Sie war sich nicht gewohnt, dass man ihr Farbe in die Augen schmierte und musste ständig blinzeln. Schminke im Gesicht war ein neues Gefühl. Die Farbe strichen sich im Frankenreich eigentlich nur Prostituierte in die müden Gesichtszüge, um ihr Elend zu verstecken. In Vestervig war das natürlich nicht so. Sowohl Männer als auch Frauen trugen ab und an Farbe im Gesicht, für rituelle Zeremonien, Hochzeiten, Feste oder auch einfach nur, um gut auszusehen.
„Hör auf zu zucken! Ich muss hier eine gerade Linie hinbekommen", mäkelte Salka. Hoch konzentriert malte sie einen Kohlstrich um Avelines Augen. „Das betont deine atemberaubende Augenfarbe, mein Liebes. Jetzt sind sie dunkel umrandet.
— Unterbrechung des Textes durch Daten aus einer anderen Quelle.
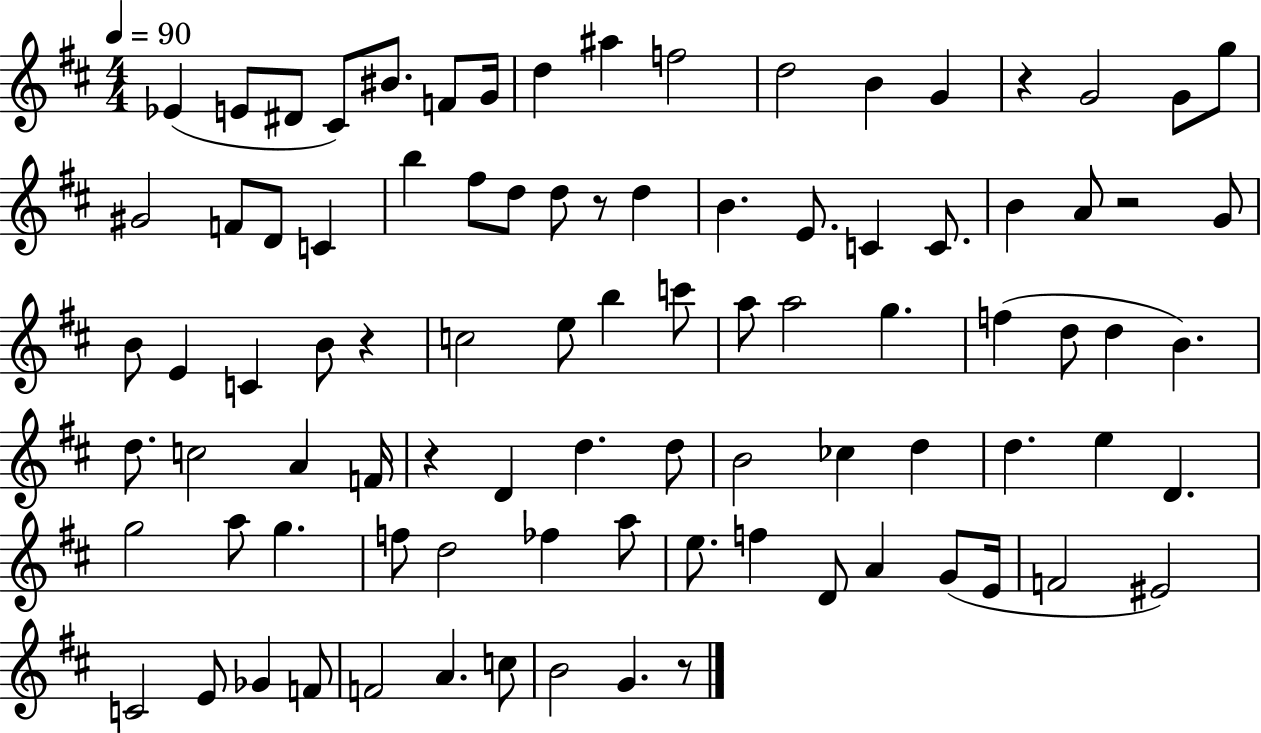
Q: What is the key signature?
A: D major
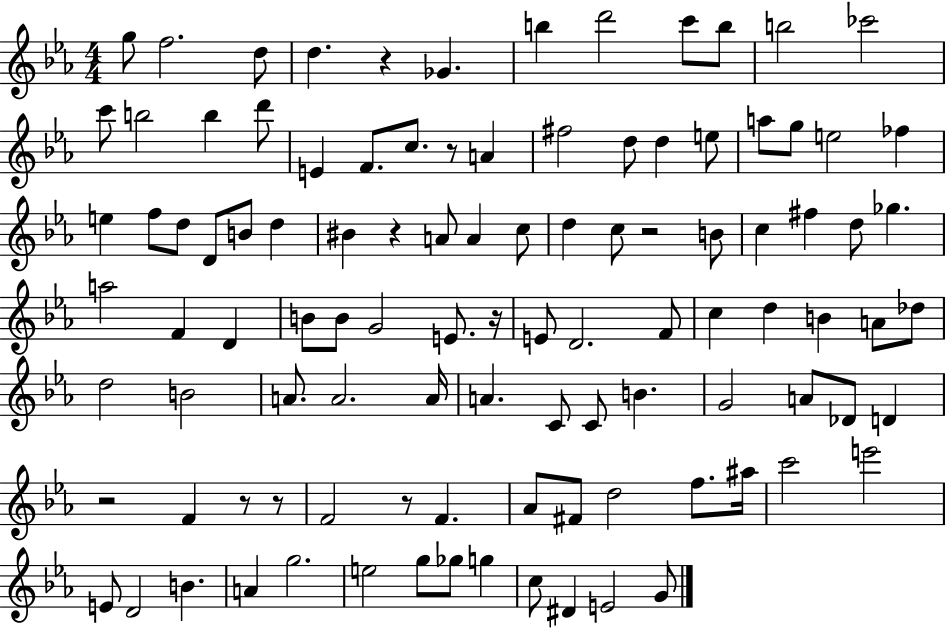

Einfach herrlich siehst du aus."
„Kann ich mal sehen?", bat Aveline und hielt sich eine Silberplatte vors Gesicht. Wahrlich. Ihre Augen schienen wie zwei goldene Sonnen hervor, ihr Antlitz wurde von ihren sanften, rostbraunen Locken umrandet. Ihr ganzes Gesicht, ihre Ausstrahlung wirkte sinnlicher und das nur wegen zwei dunklen Lidstrichen.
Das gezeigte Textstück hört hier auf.